In the data below, find the line with "Body of these" and the line with "Hello and welcome", then restate both and every line between them exactly, minus the pictures.

◆ ◆ ◆ ◆

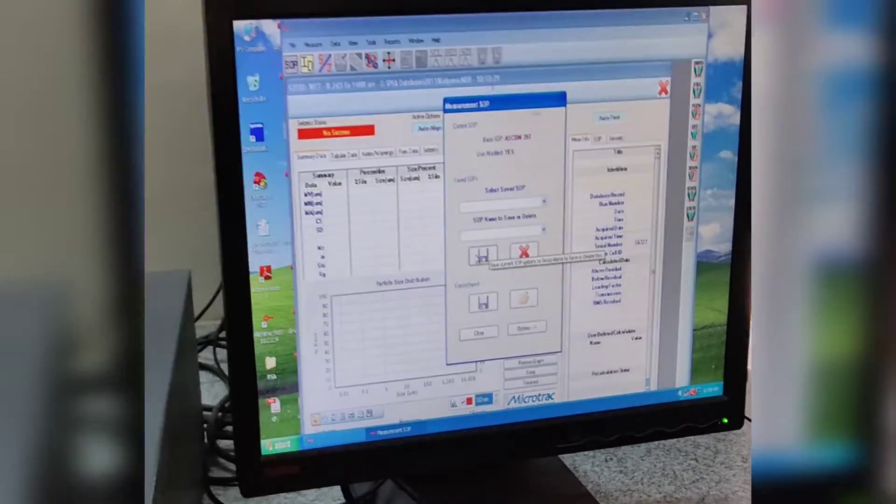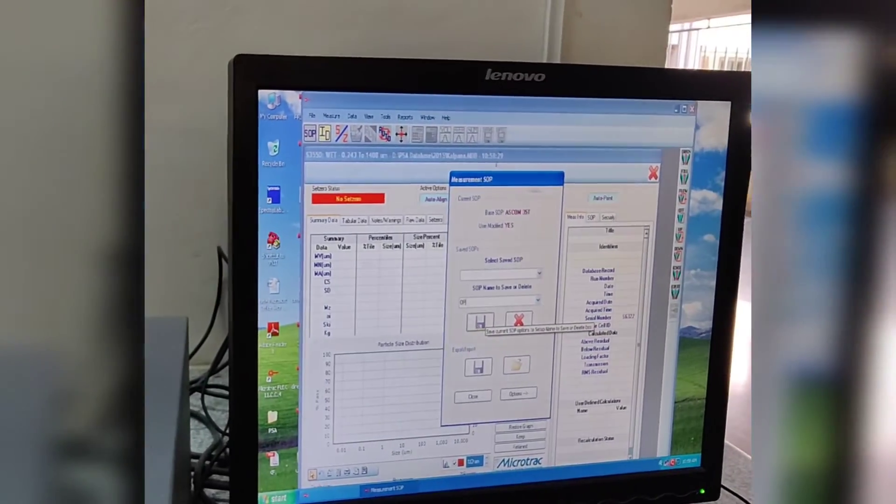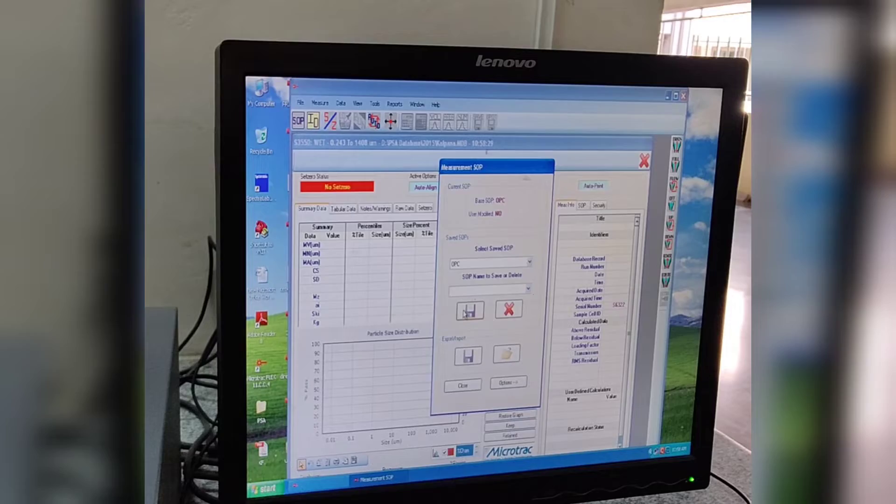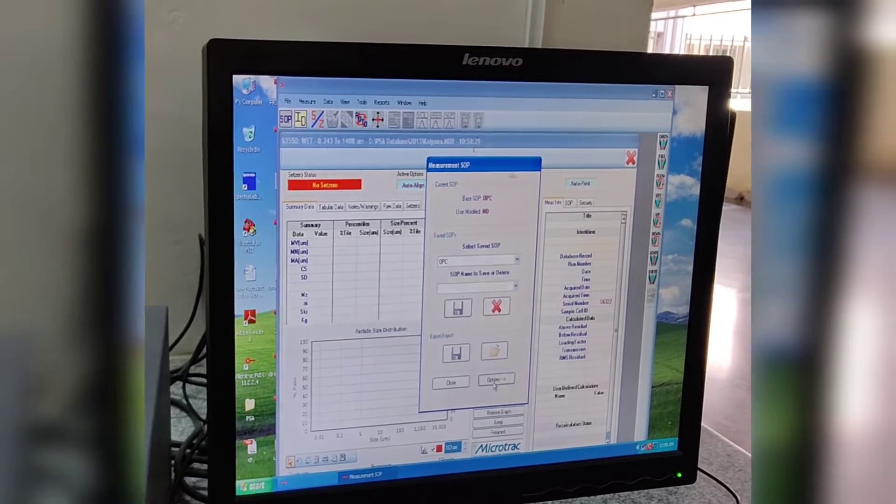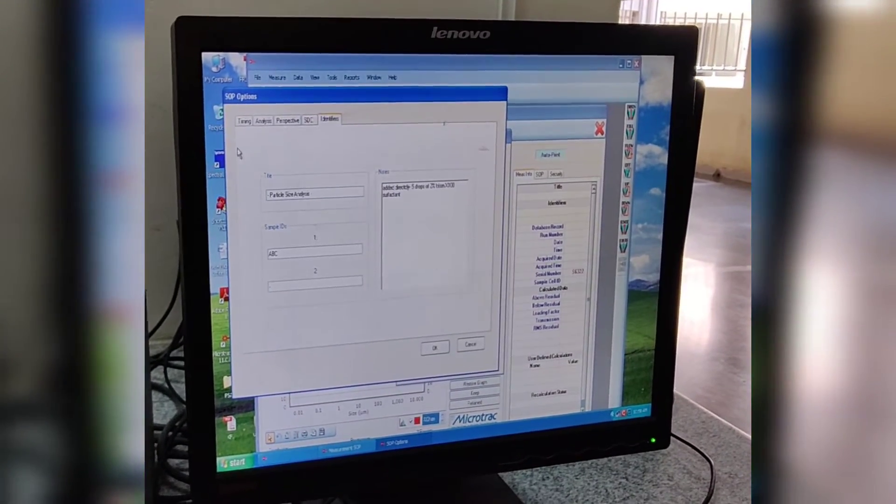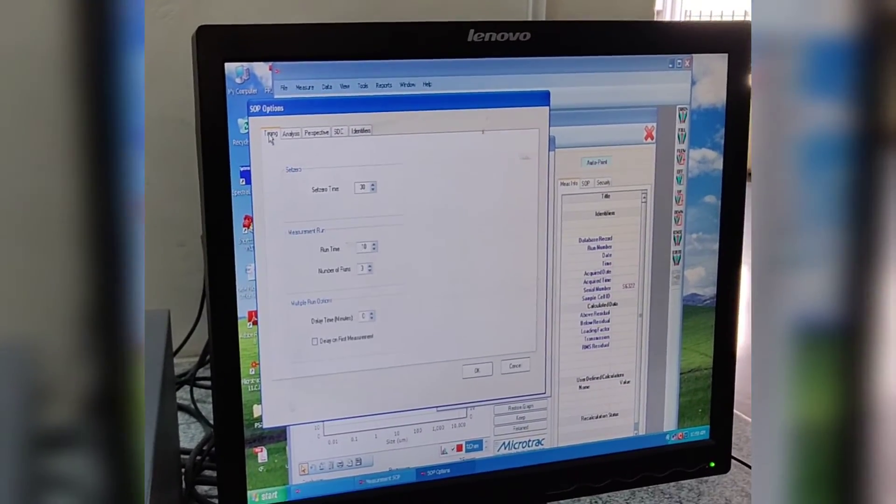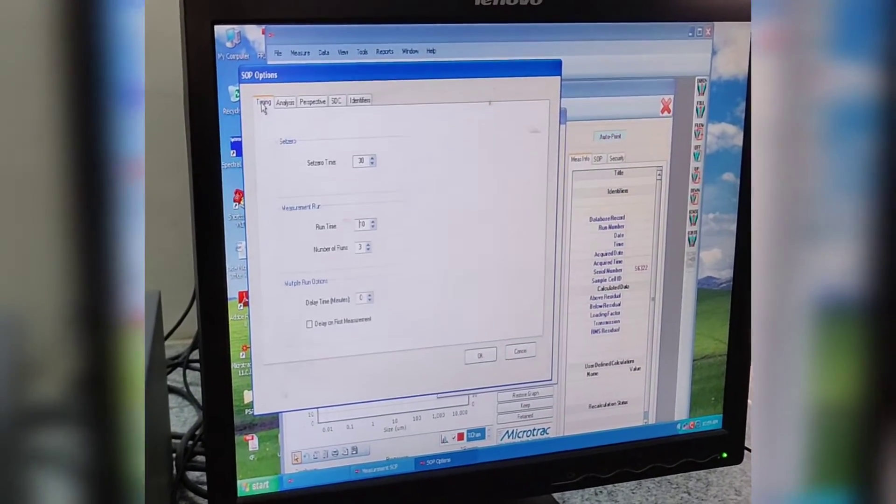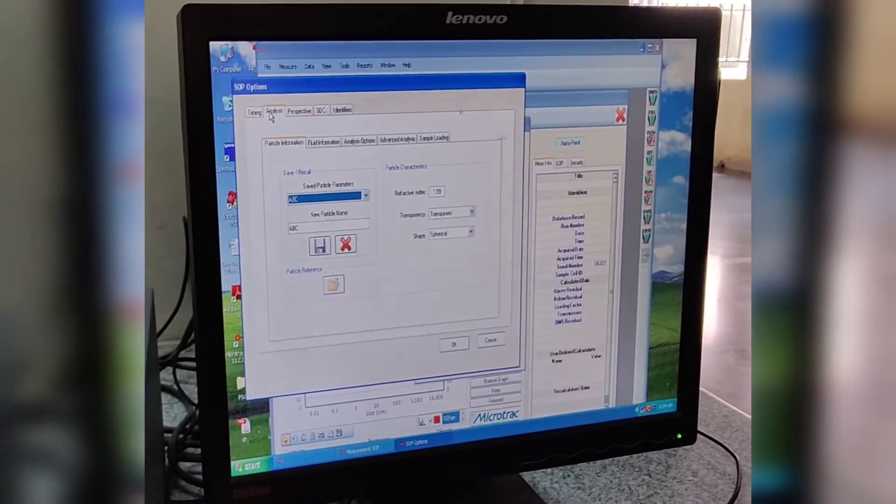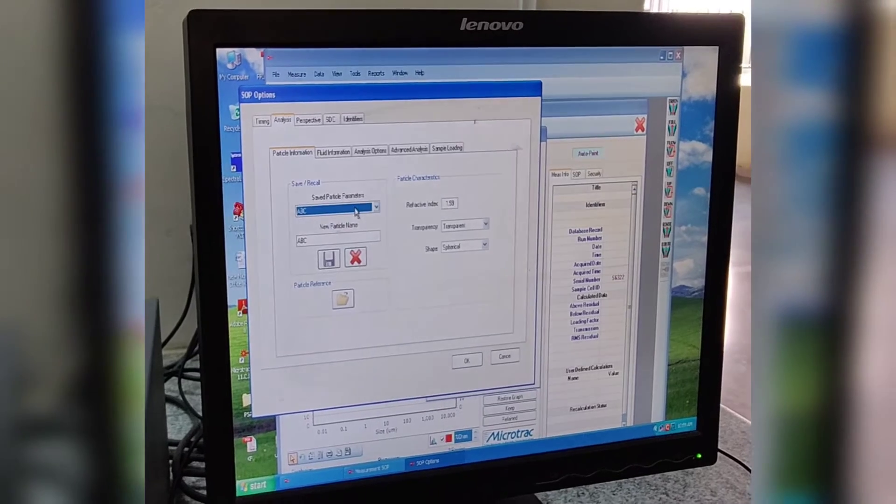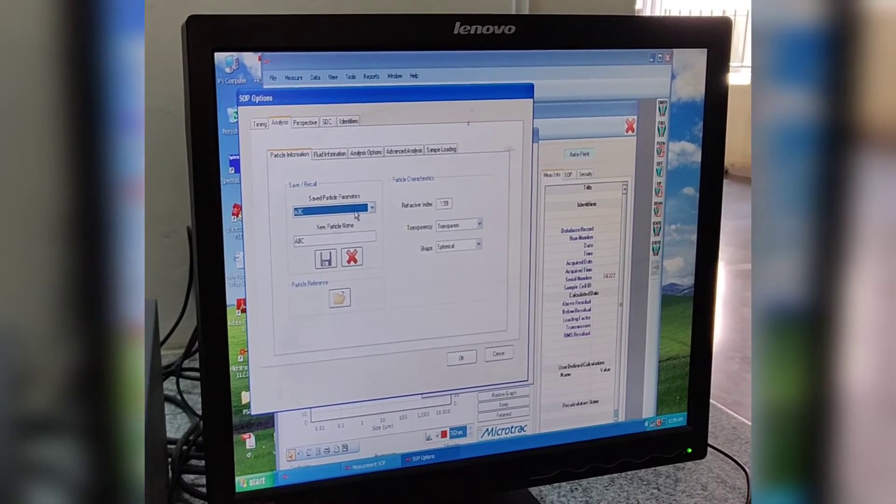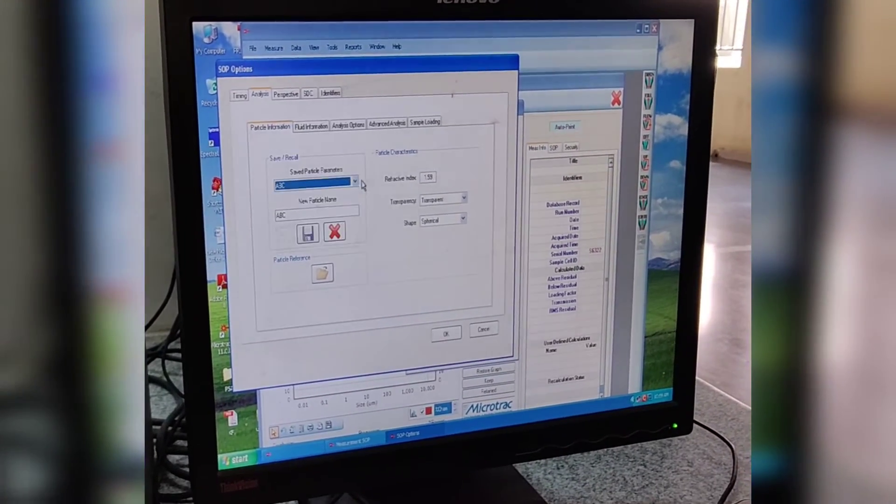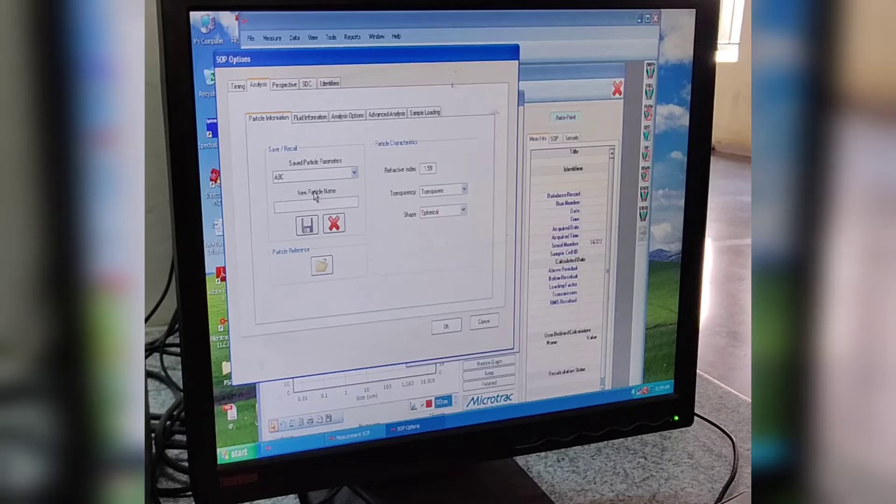We save an SOP for the sample and set the timing as 30 minutes for 3 observations. We add the refractive indices of OPC-53 cement, that is 1.70, and select the solvent as water. We set the other parameters and run the analyzer.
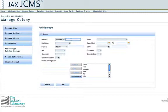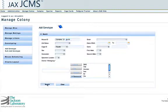I'll go ahead and enter a mouse ID and click search, and this will pull up all the mice that meet that search criteria.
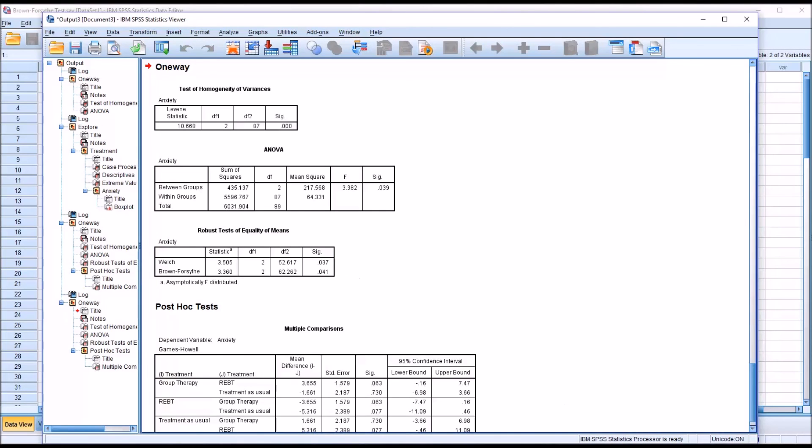I hope you found this video on conducting the Brown-Forsythe test to be helpful. As always, if you have any questions or concerns, feel free to contact me and I'll be happy to assist you.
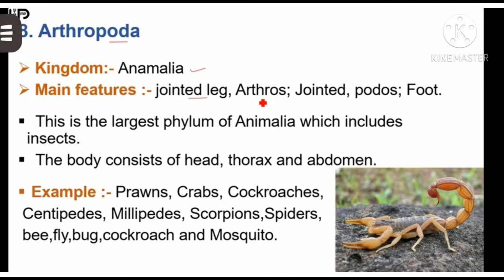Body of these animals is triplobrastic. Chitinous exoskeleton is present around their body. These animals are unisexual. For example: crabs, spiders, scorpions, cockroach, honeybee, butterfly, etc.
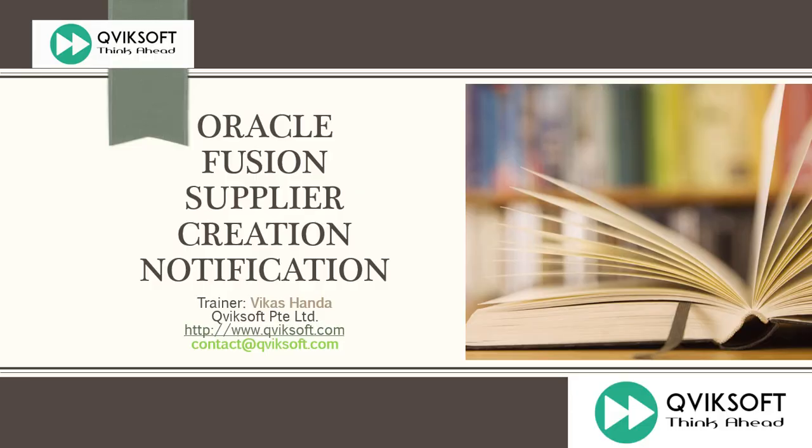Hello and welcome to another exciting session of learning provided by Quicksoft. You can contact us for any training needs or doubts you have by sending your email at contact@quicksoft.com.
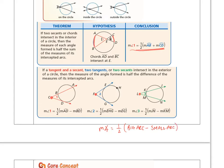To summarize: if they intersect outside, it's one-half times big arc minus small arc. If they intersect inside, it's one-half times big arc plus small arc — the order doesn't matter since you're adding.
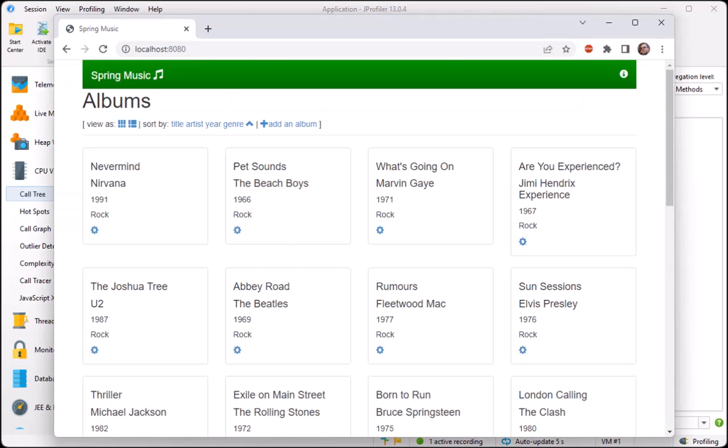This is a single-page UI built with the Angular JavaScript framework and provides the usual CRUD operations. Let's edit the release year of the first album.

◆ ◆ ◆ ◆

### EXERCISE OUTPUT
Body of these animals is triplobrastic. Chitinous exoskeleton is present around their body. These animals are unisexual. For example: crabs, spiders, scorpions, cockroach, honeybee, butterfly, etc.
Hello and welcome to another exciting session of learning provided by Quicksoft. You can contact us for any training needs or doubts you have by sending your email at contact@quicksoft.com.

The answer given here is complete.